Ramelow schloss seine Rede mit der starken Aussage, dass jedem, der strauchelt, auf die Beine geholfen werden muss: "Wir brauchen jeden Einzelnen!" Dazu benötige es neue Chancen für diejenigen, die zur Obdachlosigkeit abgedrängt werden: "Wir brauchen Mitstreiter in der Gesellschaft, die den Finger in die Wunde legen", so der Ministerpräsident. Der Erfolg des Einzelnen dürfe nicht auf dem Rücken des anderen ausgetragen werden: "Wir haben die Diskussion über die Gemeinwohlorientierung aus dem Blick verloren". Die Caritas sei eingeladen, Konzepte und Ideen in die politische Diskussion einzubringen.
Ein abschließendes Wort kam von Bischof Dr. Ulrich Neymeyr, der die Bedeutsamkeit der individuellen sowie nachhaltigen Begleitung betroffener Personen betonte.

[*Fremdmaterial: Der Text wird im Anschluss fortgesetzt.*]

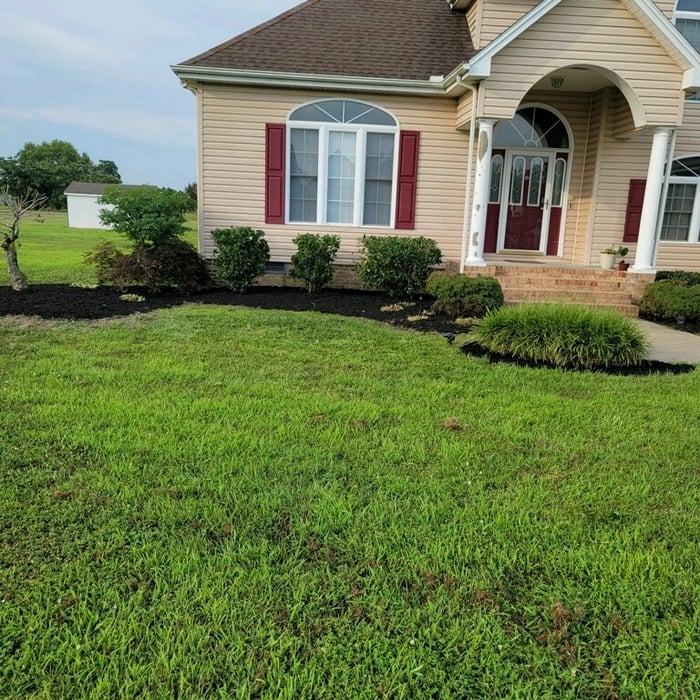 Lawn care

An der ordentlichen Vertreterversammlung des Caritasverbandes für das Bistums Erfurt e.V. nahmen 45 Delegierte aus den Mitgliedseinrichtungen und Diensten, aus Kirchgemeinden und aus den Fachverbänden teil. Die Sitzung der Vertreterversammlung findet jährlich statt. Themen sind u.a. die Entgegennahme des Tätigkeits- und Finanzberichtes sowie die Beratung über Grundsatzfragen der Caritas.